I apologize for seeming clueless but my only C++ experience is with Visual C++. Is my build environment messed up or do I need to be compiling differently? Perhaps a makefile would be helpful here. I'm running Mac OS X 10.3 with the developer tools installed.
- David
Magnus Manske wrote:
I hacked a little C++ utility (hereby under GPL, source files attached) that converts HTML to wiki markup. A few points:
- It should compile on any Windows/*nix system (you might have to turn
off warnings, though)
- Pipe the HMTL in, and get wiki markup out
- Shouldn't touch existing wiki markup
- Keeps HTML if there's no wiki markup defined for it
- Other wiki markup (for other wikis) can be added with only a few lines
of source
- Internally uses a new string class with 32-bit-chars (potential for
unicode there, also it should work with unicode "as is")
Downsides:
- Doesn't check HTML/wiki markup validity (broken HTML will become
broken wiki markup, which might be less bad though)

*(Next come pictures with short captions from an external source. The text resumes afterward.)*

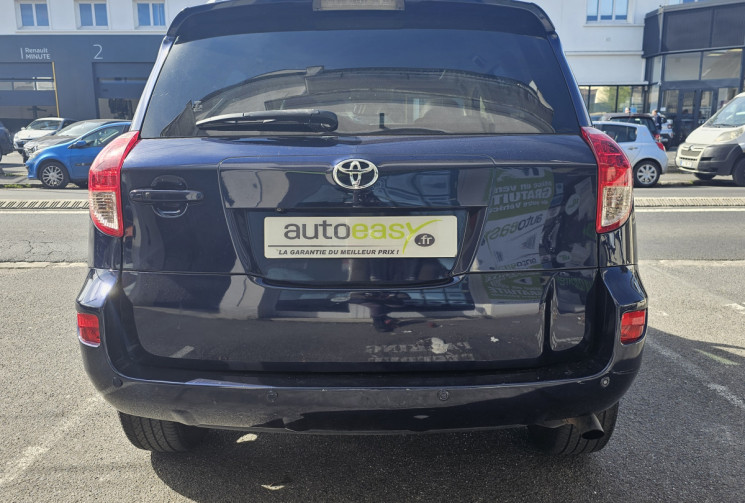 Toyota RAV4 177 CV CUIR TOIT OUVRANT SUIVI DISPO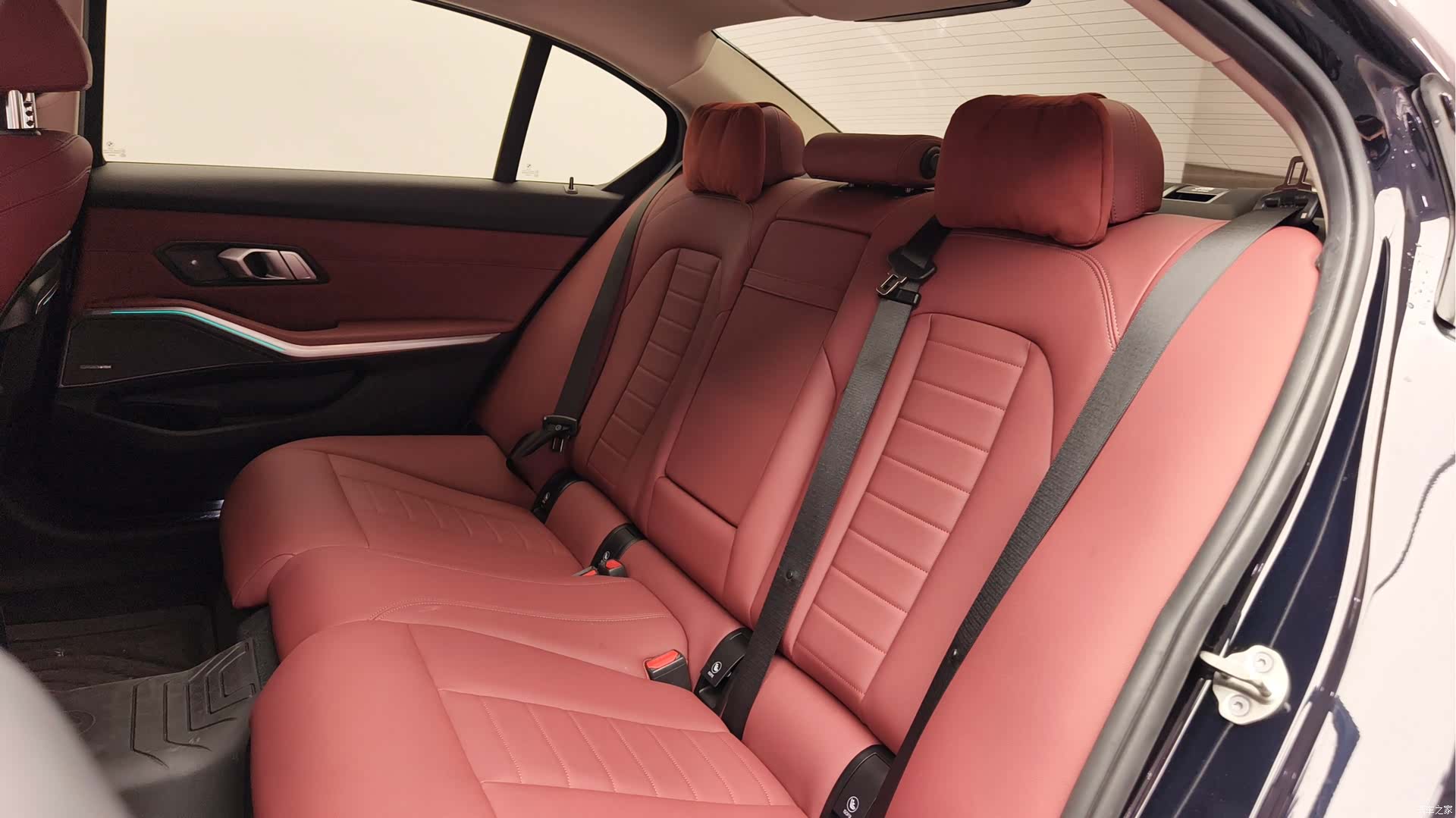 BMW 3 Series, 2021 13
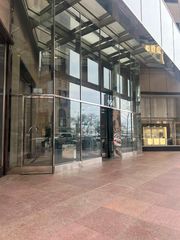 950 N Michigan Avenue 37F, Chicago, IL 60611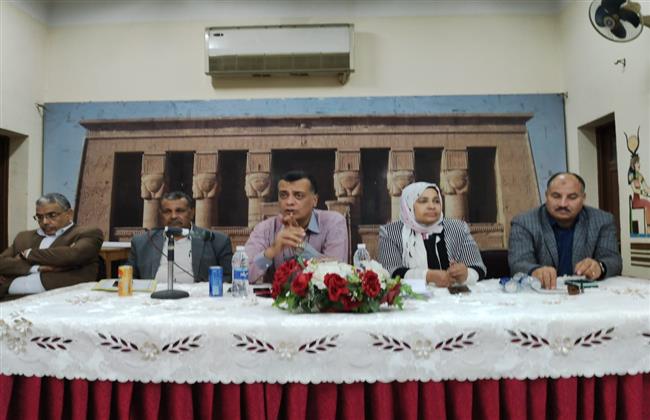 تشكيل غرفة عمليات على مدار اليوم لمتابعة انجاز تسجيل الإحصاء بالمدارس المتأخرة بقنا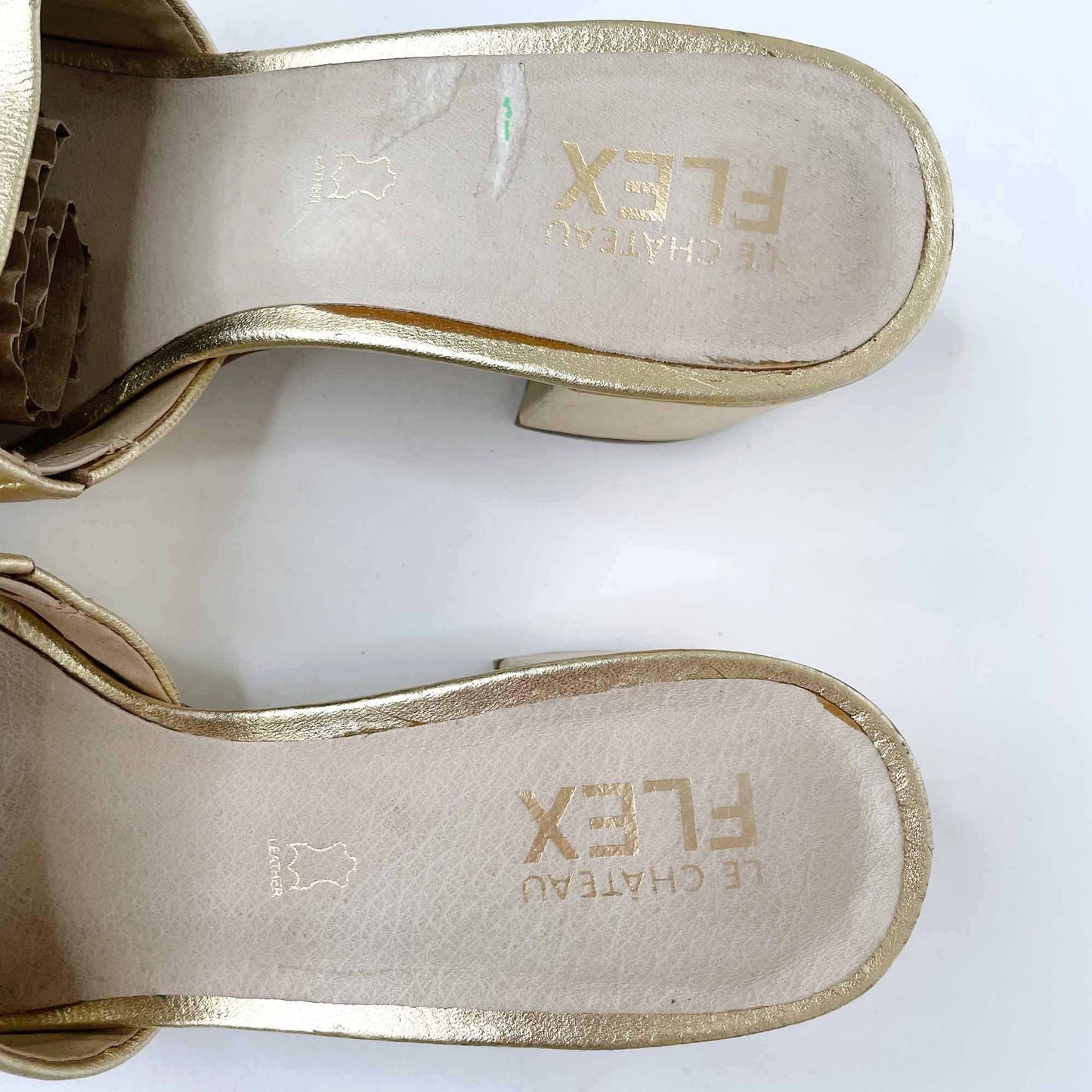 le chateau flex gold slip on heeled sandals - size 7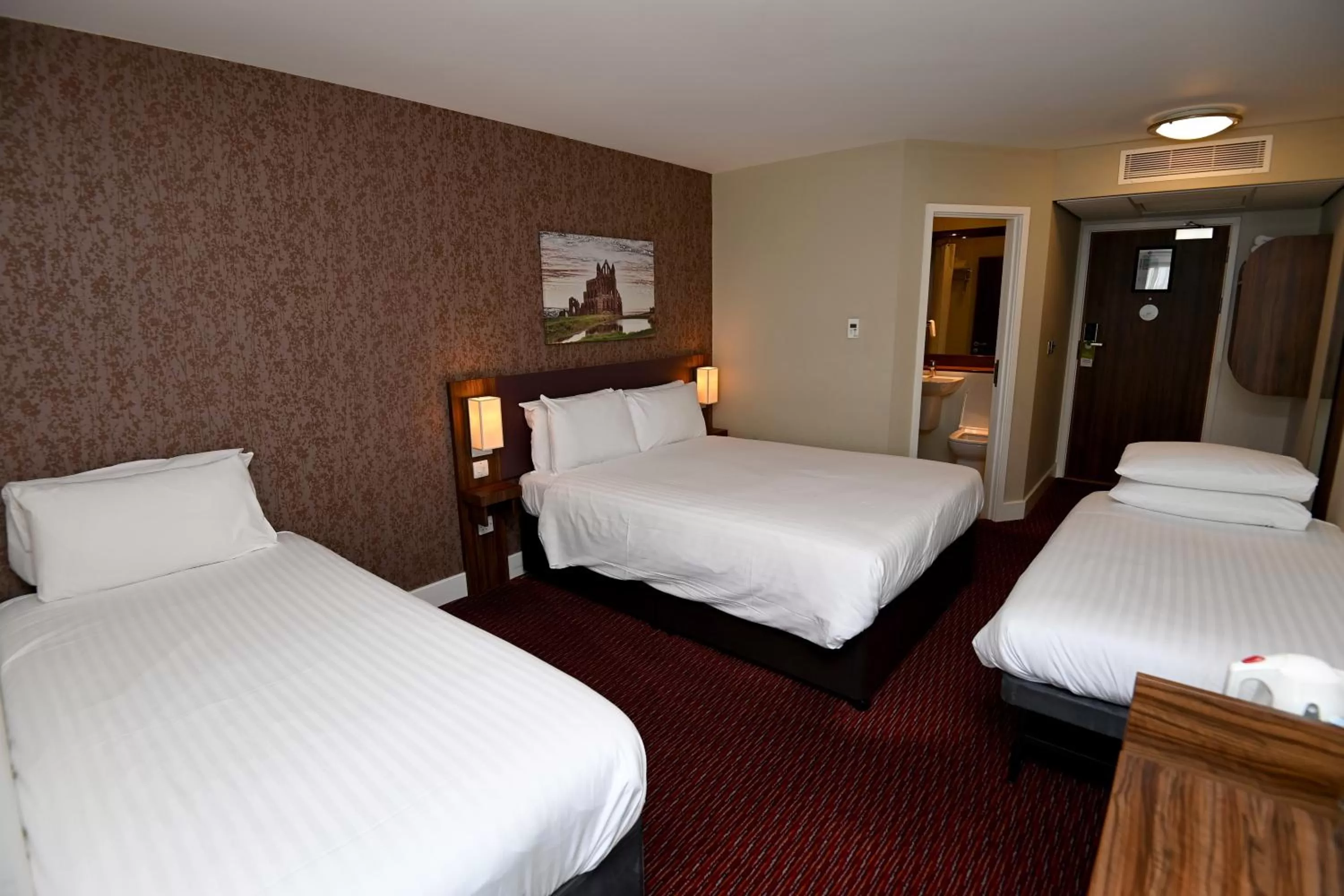 Bedroom, Bed in Penny Hedge, Whitby by Marston's Inns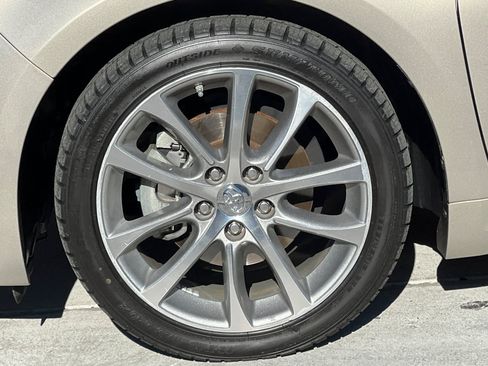 Used 2015 Toyota Avalon XLE Touring image 25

- Ignores <nowiki> (though I don't think that matters)
Idea: Have a checkbox on the edit page (or maybe on preferences instead) that says: "Convert HTML to wiki markup on preview"
Conversion *should* only take place prior to preview, so a human can make certain nothing's broken.
Magnus
Wikitech-l mailing list Wikitech-l@Wikipedia.org http://mail.wikipedia.org/mailman/listinfo/wikitech-l
David,
I haven't looked at the source, but try 'g++ main.cpp'; it's a C++ program (std is a namespace, a feature that C doesn't know about).
Cheers, Ivan
David Friedland wrote:
I want to try to connect this somehow to a CGI to make a webpage where people can paste in HTML and get wikitext out by clicking a button. This would make it easy to convert HTML tables I run across to wikitables quickly, by just a couple copy and pastes. However, I seem to be completely inept at compiling this. I tried "cc main.cpp" but I get complaints about errors from ld about Undefined symbols: std:: ....
I apologize for seeming clueless but my only C++ experience is with Visual C++. Is my build environment messed up or do I need to be compiling differently? Perhaps a makefile would be helpful here. I'm running Mac OS X 10.3 with the developer tools installed.
- David
Magnus Manske wrote:
I hacked a little C++ utility (hereby under GPL, source files attached) that converts HTML to wiki markup. A few points:
- It should compile on any Windows/*nix system (you might have to turn
off warnings, though)
- Pipe the HMTL in, and get wiki markup out
- Shouldn't touch existing wiki markup
- Keeps HTML if there's no wiki markup defined for it
- Other wiki markup (for other wikis) can be added with only a few
lines of source
- Internally uses a new string class with 32-bit-chars (potential for
unicode there, also it should work with unicode "as is")
Downsides:
- Doesn't check HTML/wiki markup validity (broken HTML will become
broken wiki markup, which might be less bad though)
- Ignores <nowiki> (though I don't think that matters)
Idea: Have a checkbox on the edit page (or maybe on preferences instead) that says: "Convert HTML to wiki markup on preview"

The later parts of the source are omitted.